"""

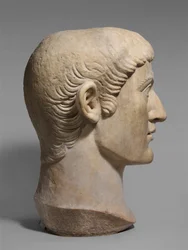 Marmorporträtt av kejsar Konstantin I, ca. 325–370 AD (marmor)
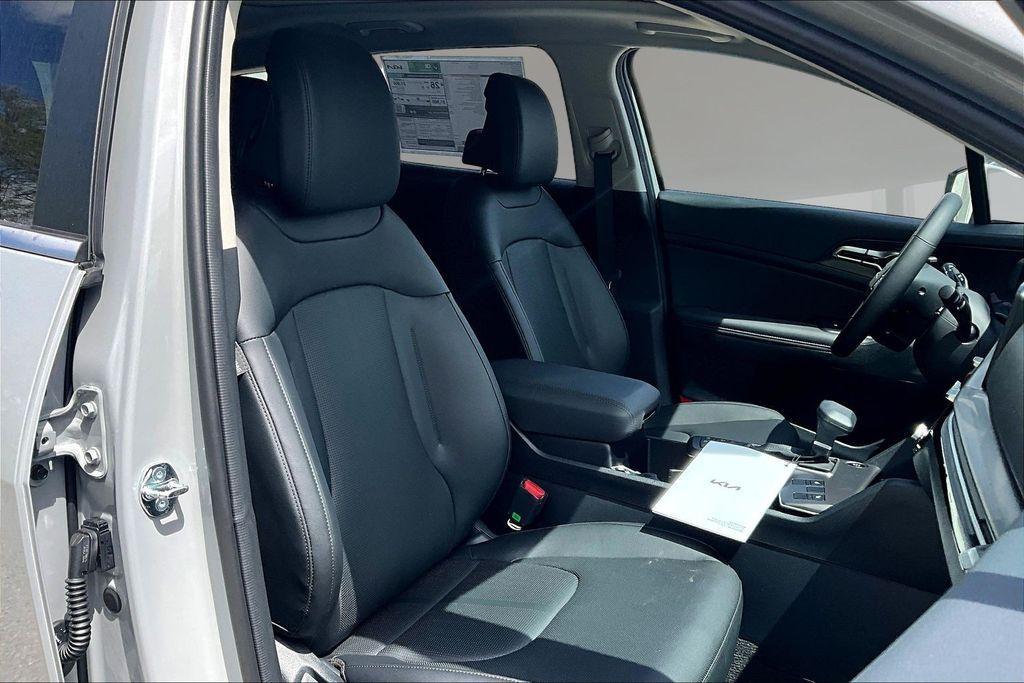 new 2026 Kia Sportage car, priced at $35,735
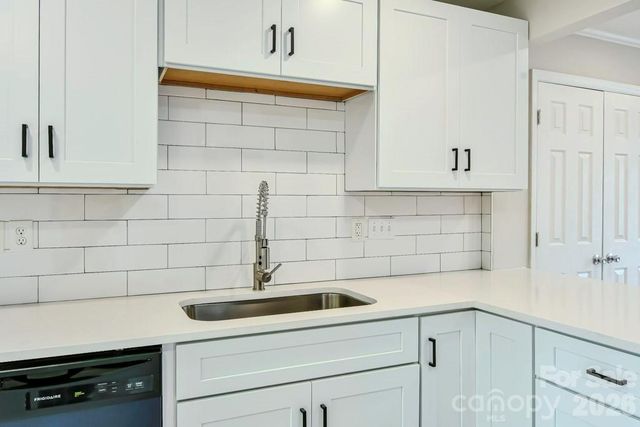 6020 Running Deer Road, Charlotte, NC 28214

"""

### Task goal
Quote verbatim the final run of lines in the material above, from the line that contains "new 2026 Kia Sportage car, priced at $35,735" through the very last line, excluding any pictures.

### Output
 new 2026 Kia Sportage car, priced at $35,735
 6020 Running Deer Road, Charlotte, NC 28214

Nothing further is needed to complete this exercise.